I had an interesting night tonight. I live in between two widowed women. One is a busy bee and never sits still. The other one, I'll go weeks without seeing her. I figure as long as I see lights on at night I know not to worry. But I've engaged in plenty conversation with the busy bee over the time we've had our home and you could say I'm comfortable with her...
I don't watch the news. I don't know who fought in WW1 or who won the Cold War (that's a war right?) and I could probably barely pick our Vice President out in a lineup but I'll say this...a worn and tattered American Flag bothers me.
My busy bee neighbor has a flag pole in the front yard right between our houses. I consider it a shared flag pole because I get to enjoy it too. Well her flag has seen better days. It will get caught on the tree and stay stuck for days and it's colors no longer shout with pride what they represent. I figure it's only fitting that coming up on the 4th of July that I take it upon myself to replace it.
(At least I waited for her to get home to ask for her permission!)

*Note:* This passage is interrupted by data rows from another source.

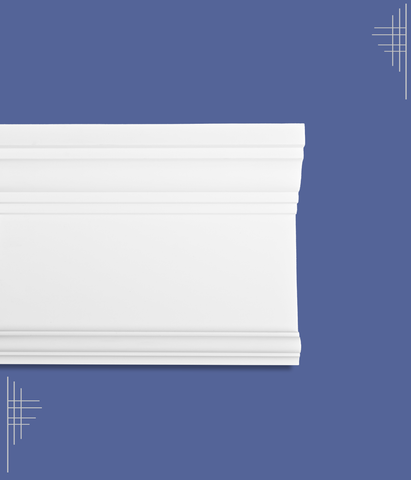 P2293 | PLAIN CORNICES | DECORATIVE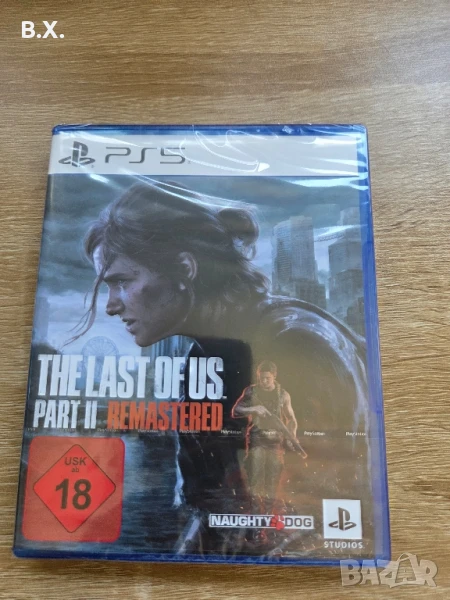 The Last of us part 2 (remastered) Playstation 5, снимка 1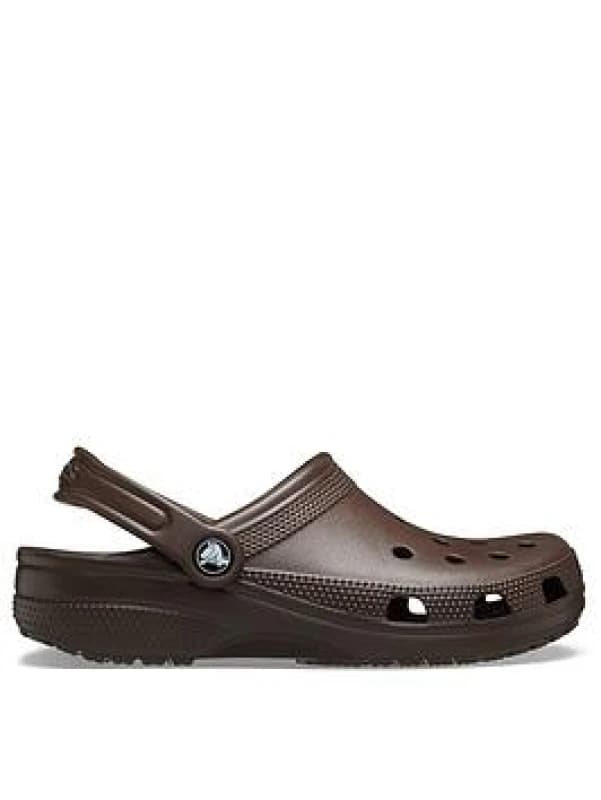 Image of Crocs Unisex Classic Clogs Coffee M10
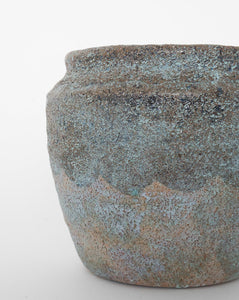 Earthy Textured Pot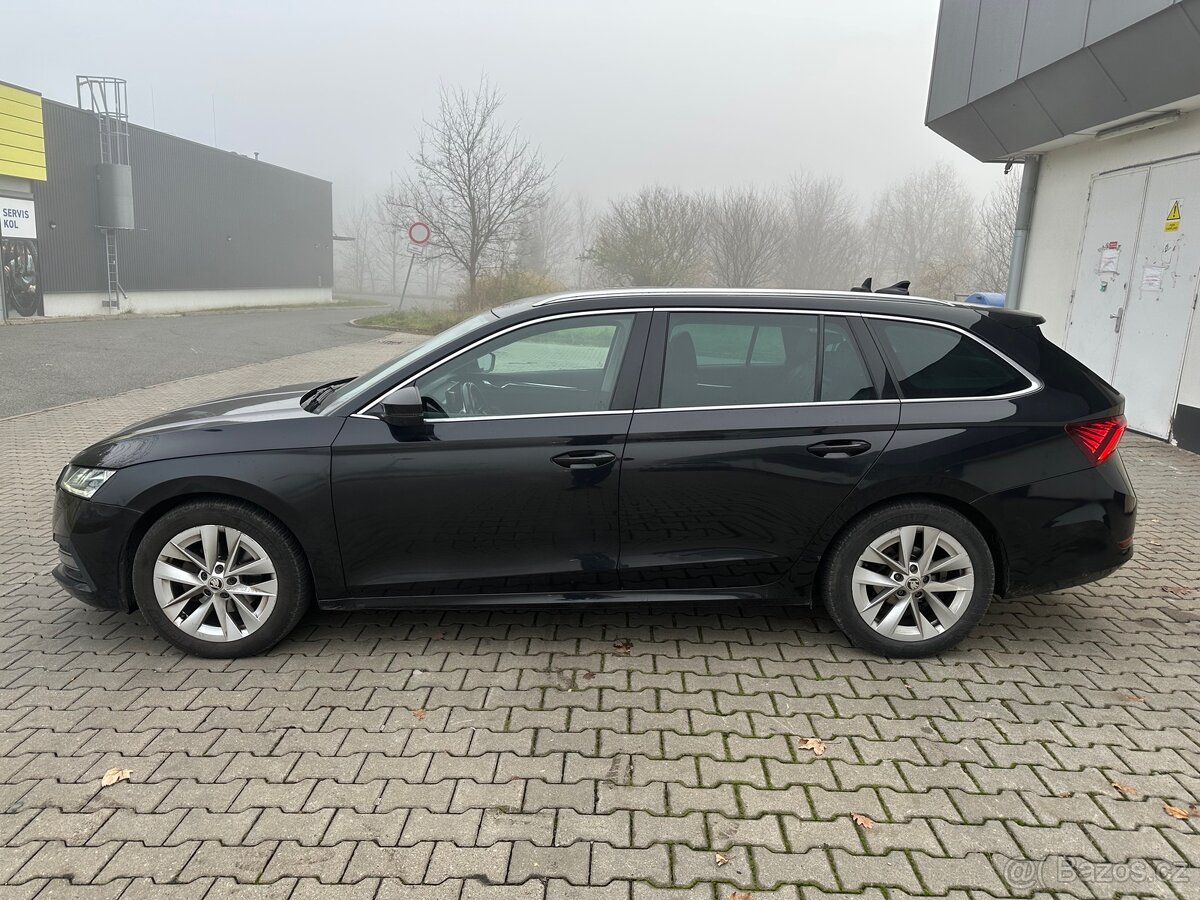 Prodam octavia IV 1.5cng+benzin 96kw DSG RV 2021 - 8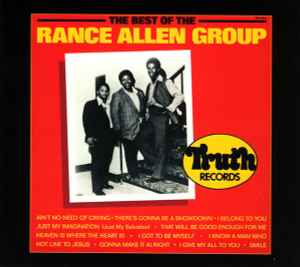 The Rance Allen Group - The Best Of The Rance Allen Group album cover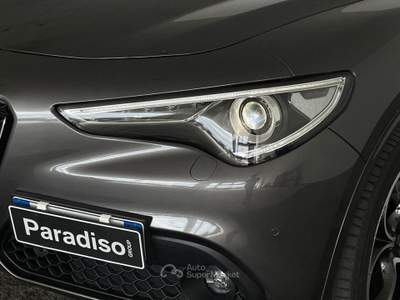 Alfa Romeo Stelvio 2.2 VELOCE Ti - Q4 - 210CV | 2022 Grigio usata Lamezia Terme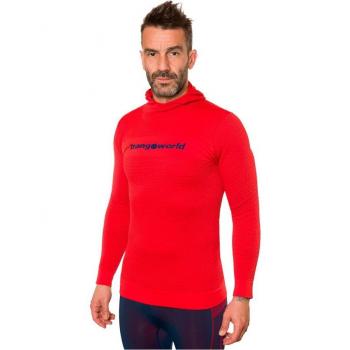 Sudadera Trangoworld Tromso Rojo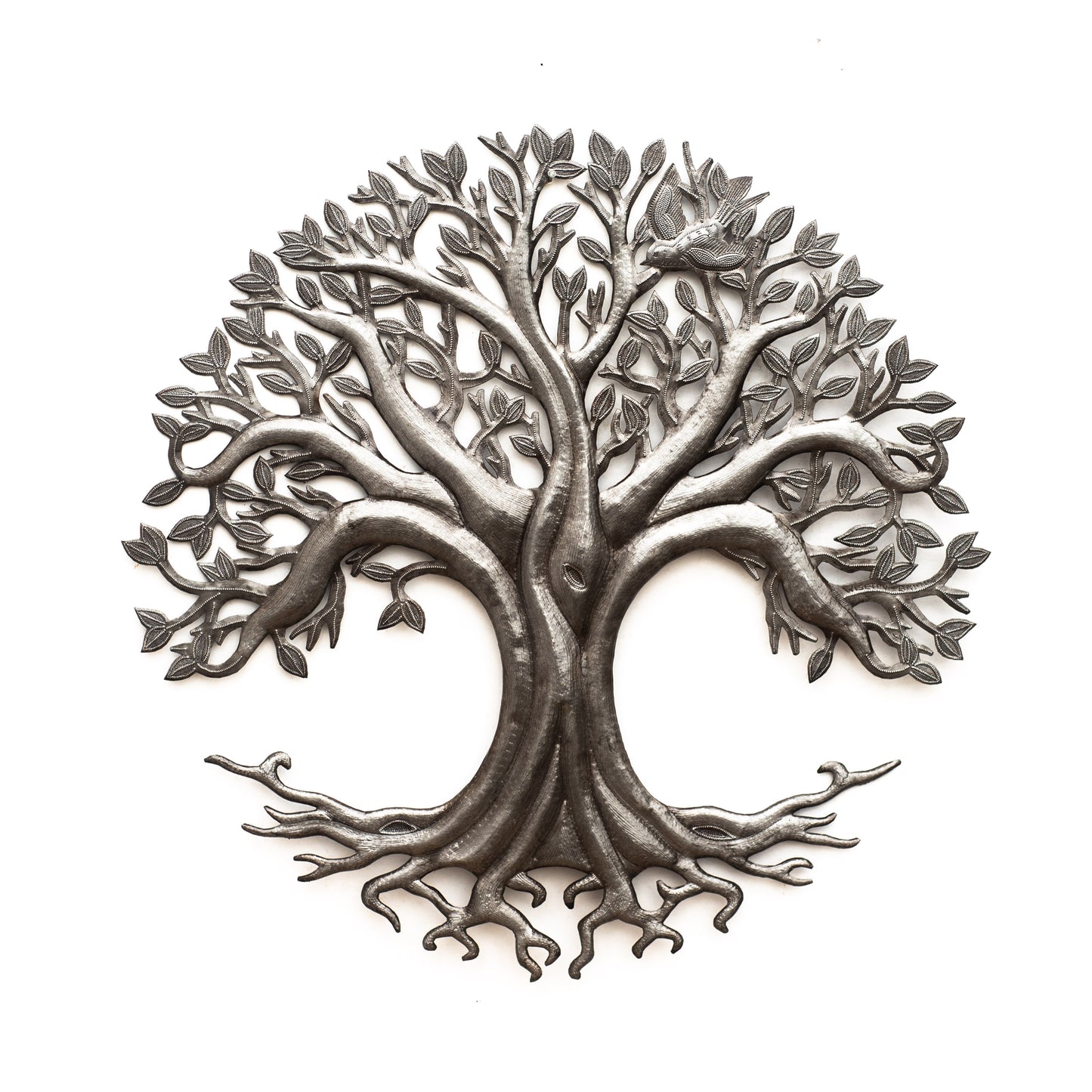 Haitian Tree of Life, Indoor and Outdoor Wall Décor 23"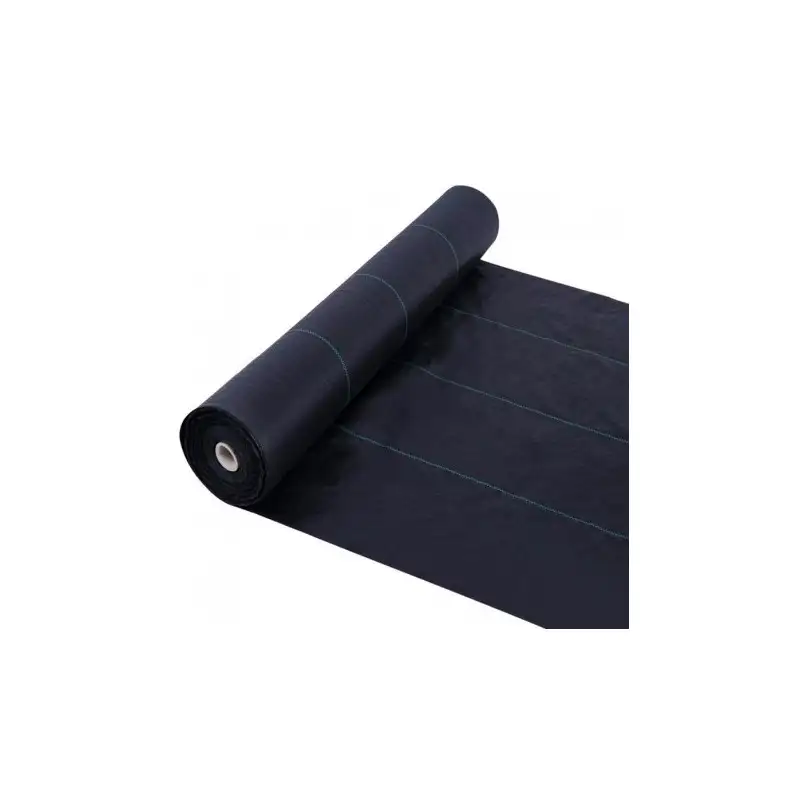 PLASA ANTIBURUIENI 1.5 x 100 M, NEGRU red-mag.ro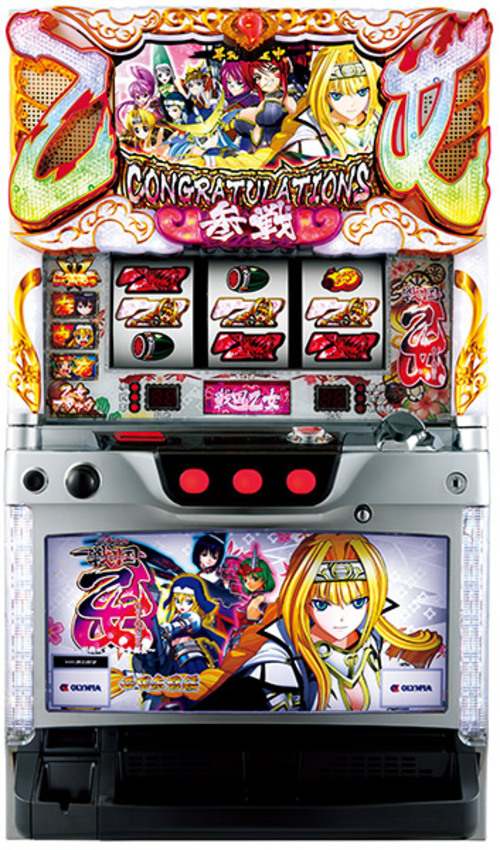 戰國乙女~在劍戟中揮舞的白之劍聖~西國參戰篇  |SLOT|SLOT5號機|SLOT5號機總覽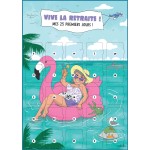 Calendrier de l'après retraite pour Femme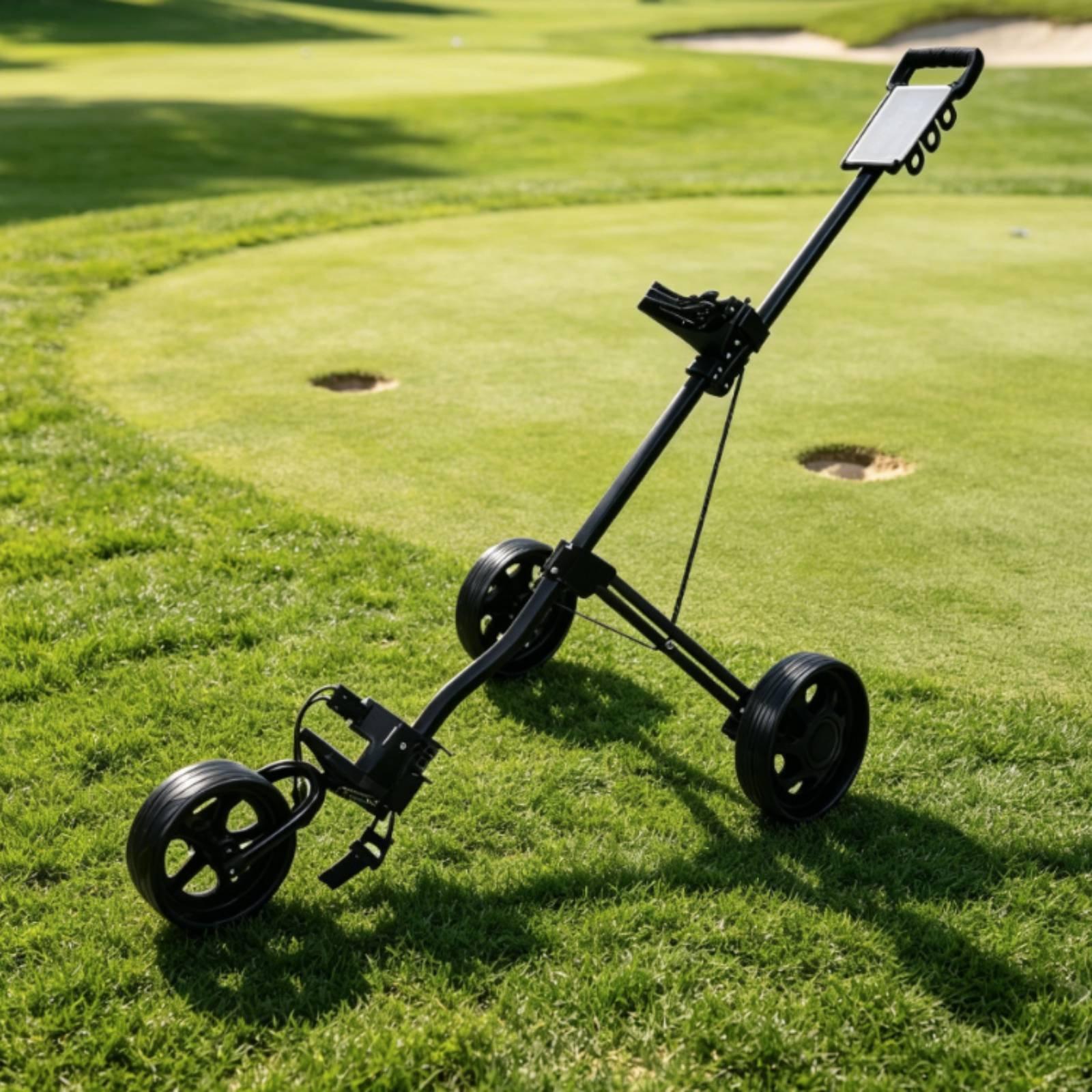 Golf Equipment Foldable Push C - Golf Equipment Bag recension och pris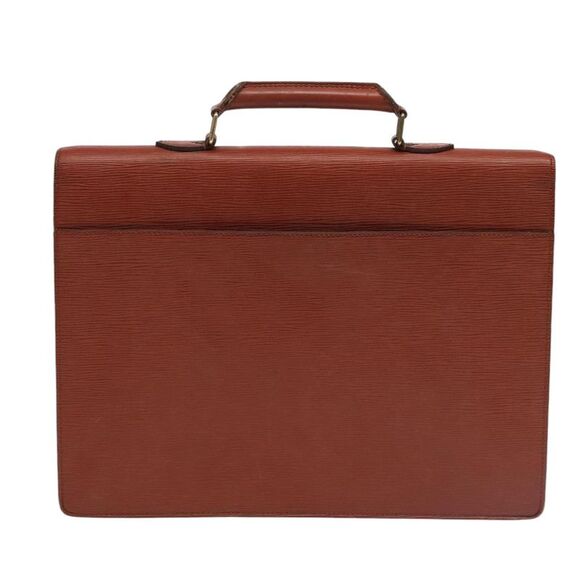 Louis Vuitton Serviette Conseiller Brown Leather Briefcase Bag (Pre-Owned) - Picture 2 of 16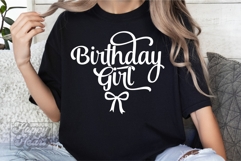Birthday Girl SVG - Birthday Queen Bow - Its My Birthday PNG Product Image 5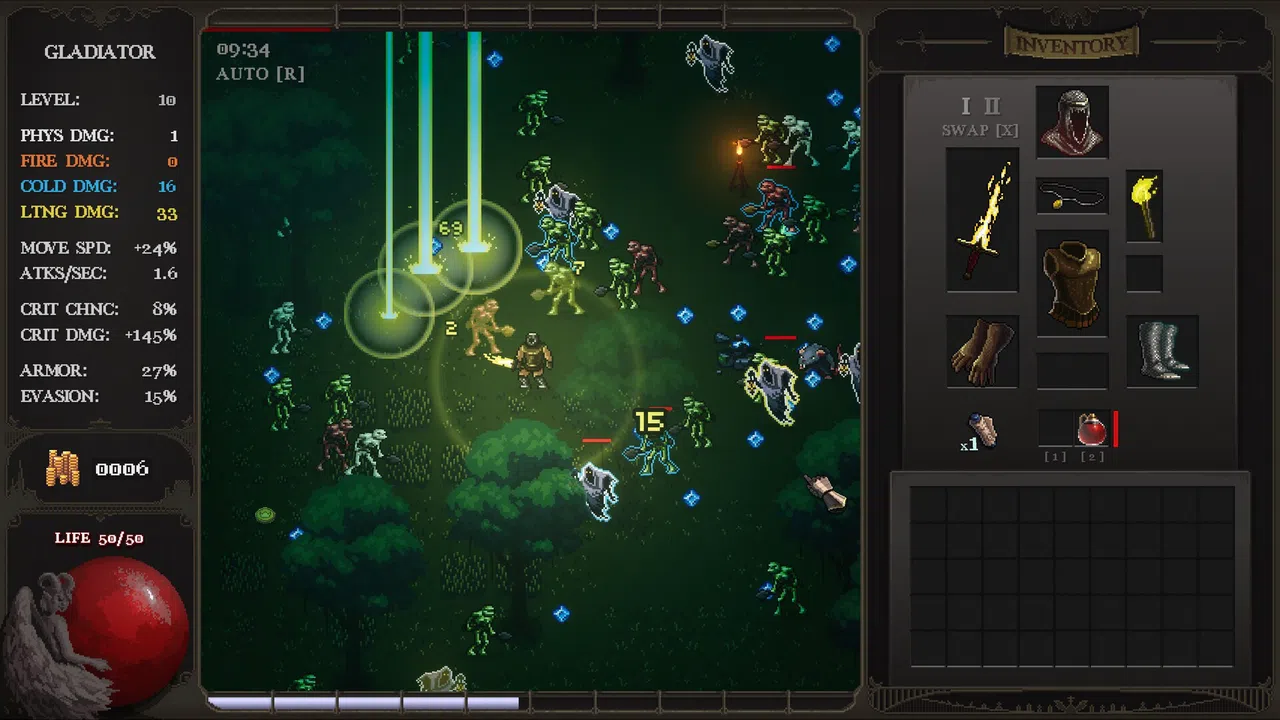 Blood and Bravery Screenshot 0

What a thrill brining that flag back up the pole. By now it was dusk and the only thing more fitting would have been if someone was next to me either with fireworks or singing "My Country Tis of Thee." (And of course one of the clips broke so I replaced both with metal clips from a Bose headphone case. Worked perfectly.)
British-born scholar Felicity Paxton said, "Both people who support the war, and oppose the war, wave and wear the American flag and therein lies it's power. An effective symbol is one that ordinary people can engage at multiple levels and for multiple reasons."
So there you have it. I'm just an ordinary person who would get wrong every history question you asked me. I'd be the guy on Jay Leno's 'Street Interviews' that you'd make fun of. But there is something about the flag I respect on multiple levels for unknown reasons. The fact that you can still well up during the siging of the National Anthem during a Brewer game gives me hope that you can have a strong sense of pride and emotion towards your country without having ever fought or knowing about it's history. Because really, for that moment, you, along with thousands of other fans, are connected not by race, blood or belief, but the fact that we are all AMERICANS. (I almost cried as I typed that)
(random tid bit about our flag...the current design was from an 18 yr. old in high school who received a B- for it)
(also...notice in the above pic how I trimmed the bush to allow for proper lighting of the flag at night.)